Sunday, December 15, 2013

the unconventional gift of joy (at advent and throughout the year)

I pride myself in being a relatively easy to please person living a relatively simple life.  But deep down this year, more than some previous years, I struggle. I want to be like everyone else in this materialistic and consumer-driven culture. I think a bigger house or a better lens, some talent or some matching decor or even just a pair of jeans that don't gap in the back (do these exist??) would make me happy.  I worry that I am missing out. I think that I am not getting what I deserve. Then I start to wonder why I can't have what everybody else has.

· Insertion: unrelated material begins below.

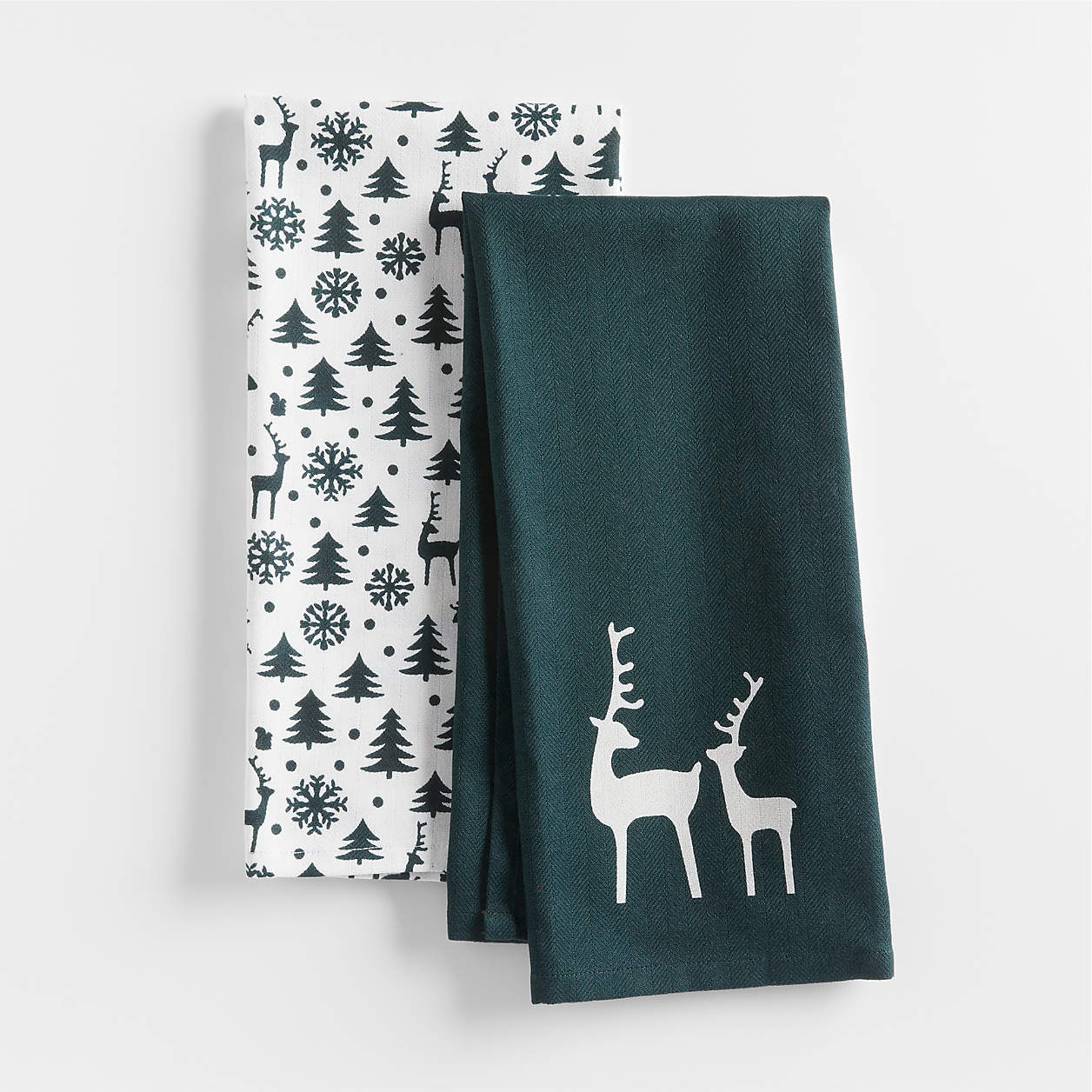 Winter Reindeer Green Organic Cotton Dish Towels Set Of 2 Reviews   Winter Reindeer Green Organic Cotton Dish Towels Set Of 2 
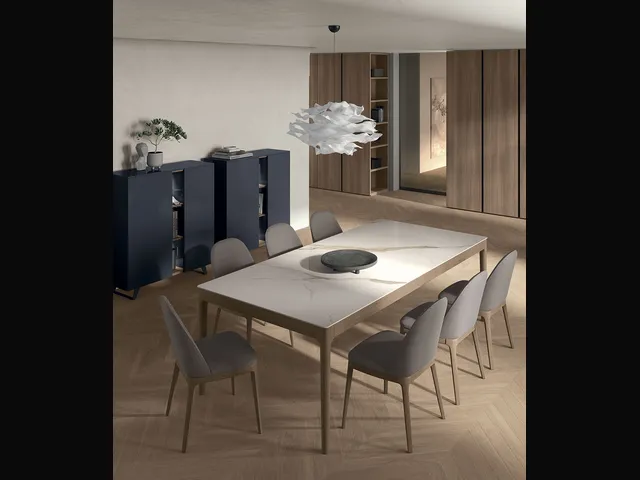 Savoy table in stoneware and wood by Tomasella.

I was doing pretty well with keeping Christmas in proper perspective until I crashed the van last week. It wasn't a really great time to do that. Then so easily I slipped into the old habits of, "Why me?" I hate that habit. I thought I'd broken myself of it, but I can't break myself of any bad habit. And it doesn't matter if you bring me everything on my wish list, it still won't be enough. Someone will always have something that I don't, and I will still feel empty. The cycle of wanting to fill myself with meaningless things will continue.

What I need is joy, and that doesn't come in a box. It comes in the Spirit. It is not an emotional high. It is not a prize to be won or a paycheck to be earned. Joy is a gift, but it is an unconventional one.  It is almost always birthed out of something painful or hard or exhausting.

Joy is knowing someone who was always kind and sincere to you is now in heaven, no longer in pain. Joy is hearing that your child with developmental delays and communication difficulties gave answers - the right answers nonetheless - in Sunday school this morning.  Joy is being able to give because every need has been provided, because your own kids have not lacked food or clothing or love. Joy is tears that cannot stop and hands that must be raised on the final verse of O Holy Night. Joy is resting in the fact that coordinating bedding and a room full of toys does not equal a happy childhood - or a happy adulthood - and the lack of those things does not mean an unhappy one.


Joy is a choice,some say, but I can't fake it till I make it. Joy is mysterious. Like an unexpected downpour, joy washes over me when I most need it.  On my own initiative, I can't be joyful. I have tried, and I have failed. But I need joy. Plain and simple, I need joy. And it is here for receiving. God with us.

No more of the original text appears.